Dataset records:
★ ★ ★ ★

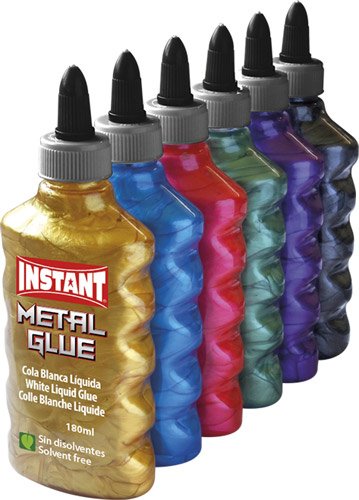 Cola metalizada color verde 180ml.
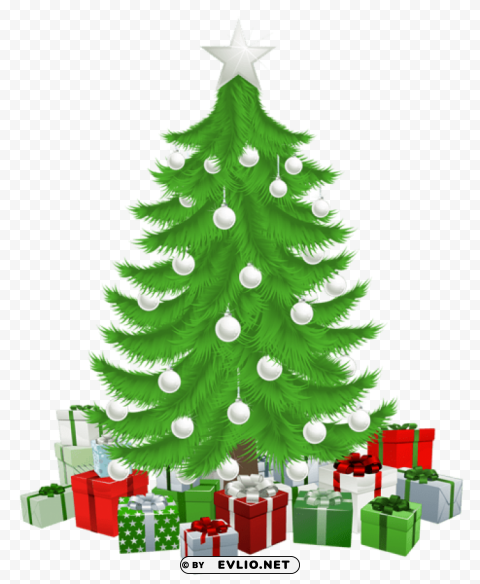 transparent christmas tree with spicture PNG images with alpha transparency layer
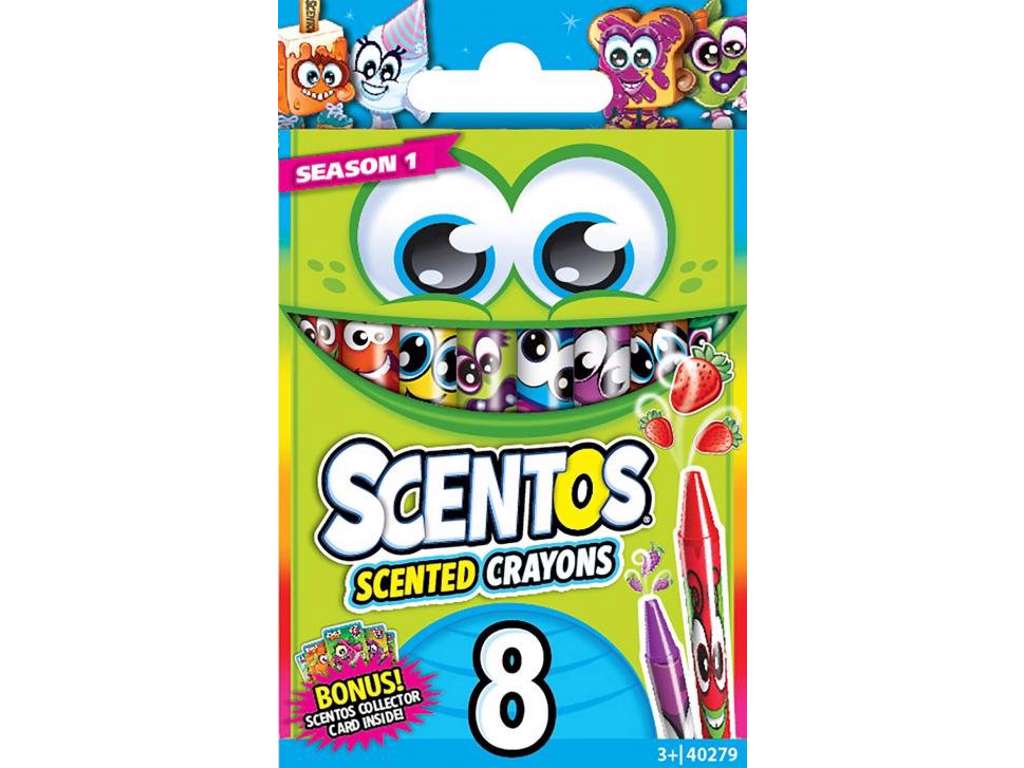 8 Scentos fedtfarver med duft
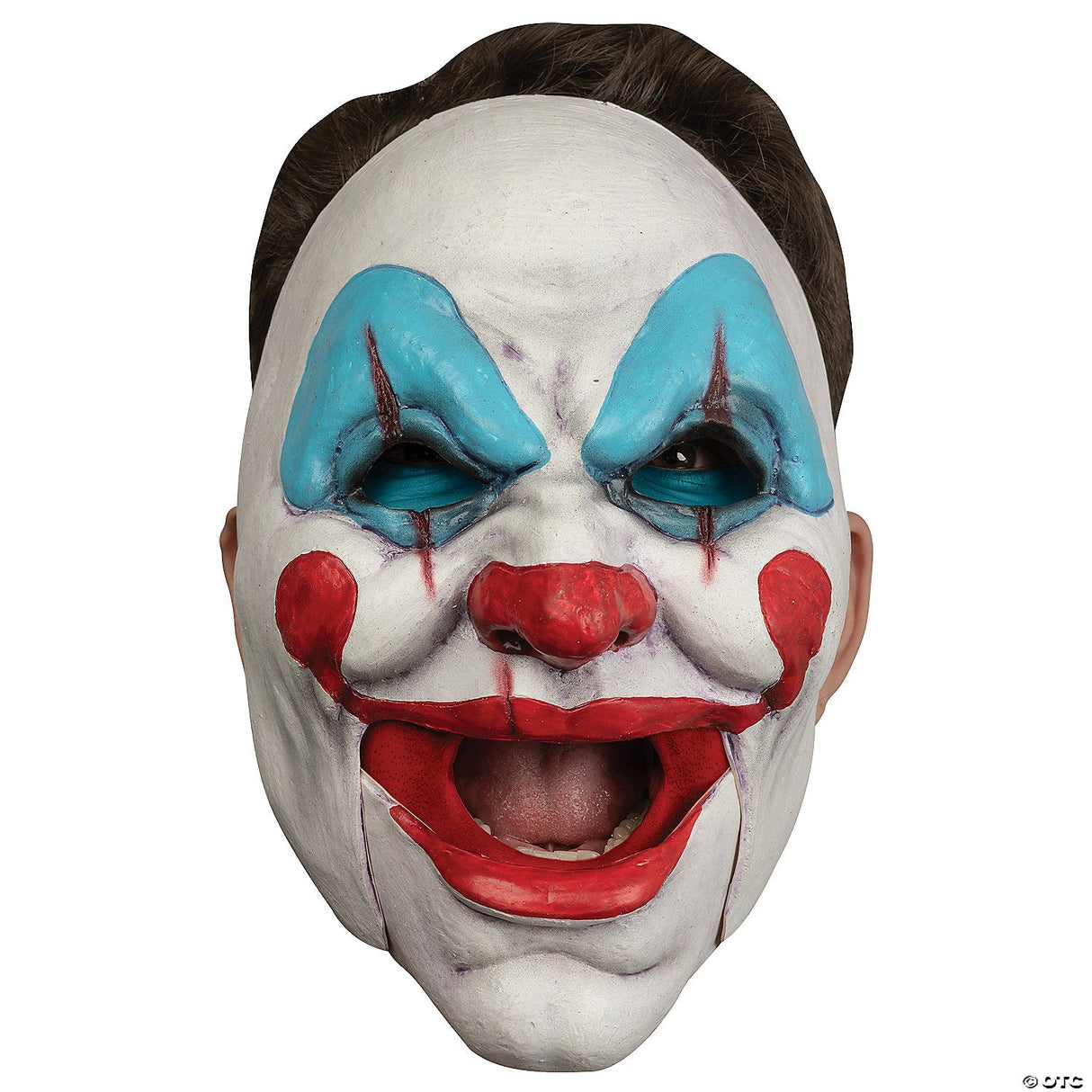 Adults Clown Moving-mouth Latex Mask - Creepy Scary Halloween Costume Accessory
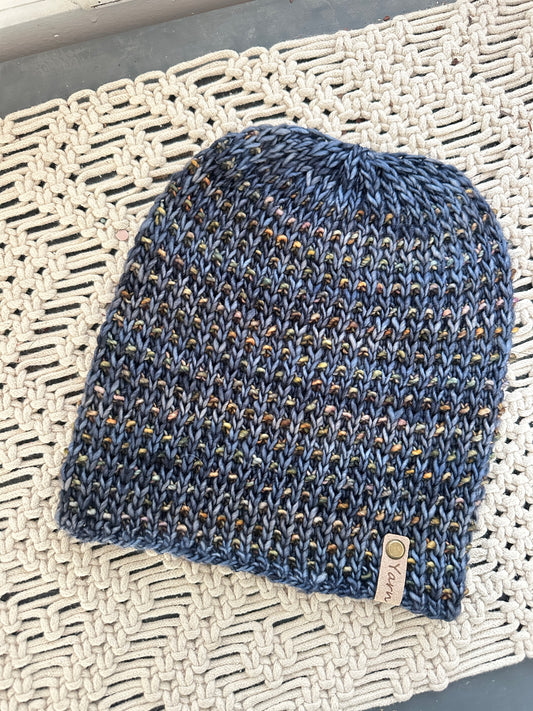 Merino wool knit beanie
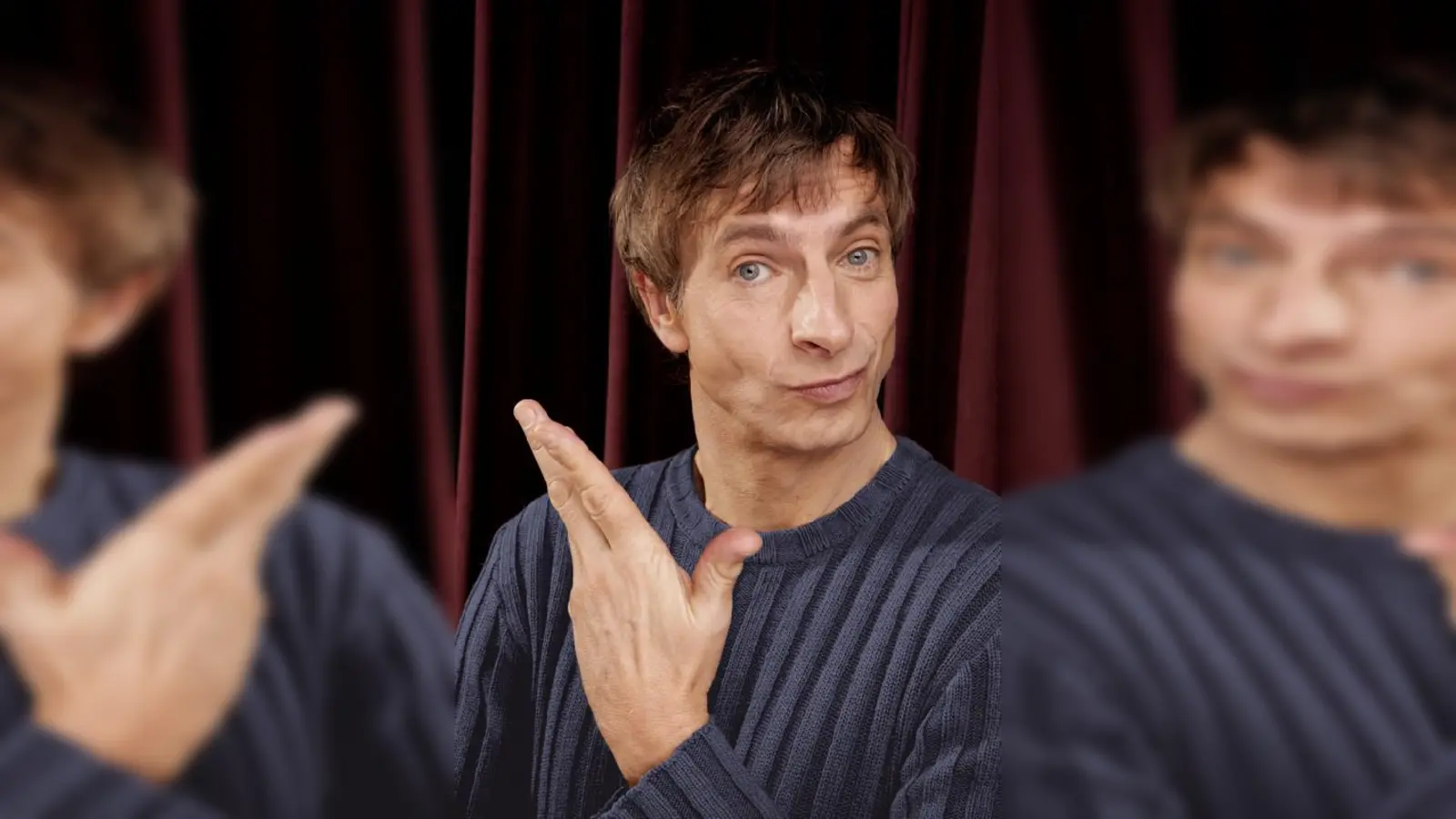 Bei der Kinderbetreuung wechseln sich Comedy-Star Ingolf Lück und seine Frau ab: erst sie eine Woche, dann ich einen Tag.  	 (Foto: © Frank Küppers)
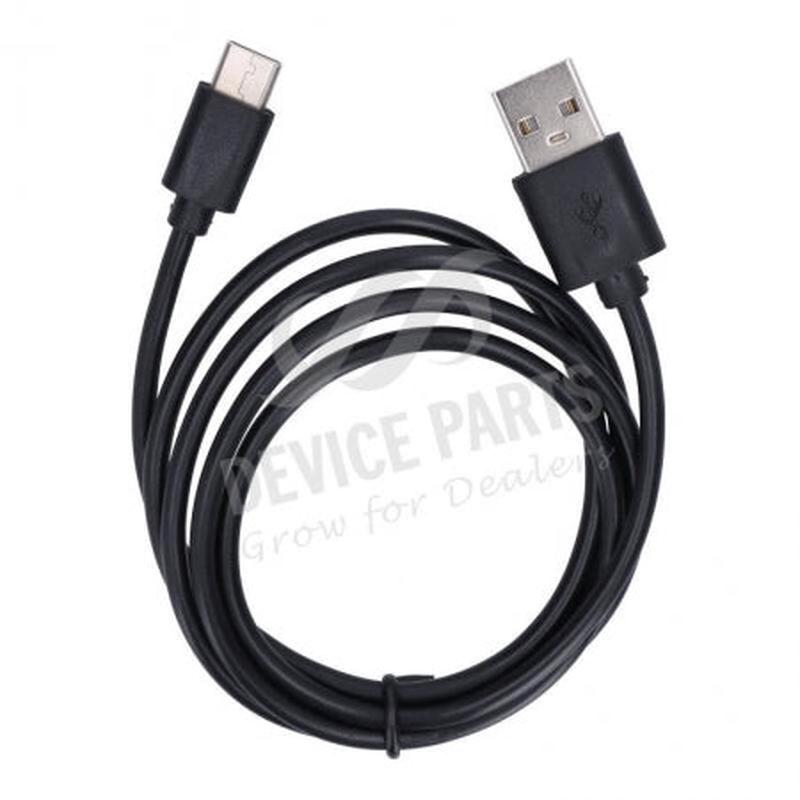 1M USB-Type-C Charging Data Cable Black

★ ★ ★ ★

◆ Exercise brief ◆
Retype, please, exactly the lines that begin with the one containing "8 Scentos fedtfarver med duft" and end at the last line of the entries above, both included, leaving out pictures.

◆ Exercise solution ◆
 8 Scentos fedtfarver med duft
 Adults Clown Moving-mouth Latex Mask - Creepy Scary Halloween Costume Accessory
 Merino wool knit beanie
 Bei der Kinderbetreuung wechseln sich Comedy-Star Ingolf Lück und seine Frau ab: erst sie eine Woche, dann ich einen Tag.  	 (Foto: © Frank Küppers)
 1M USB-Type-C Charging Data Cable Black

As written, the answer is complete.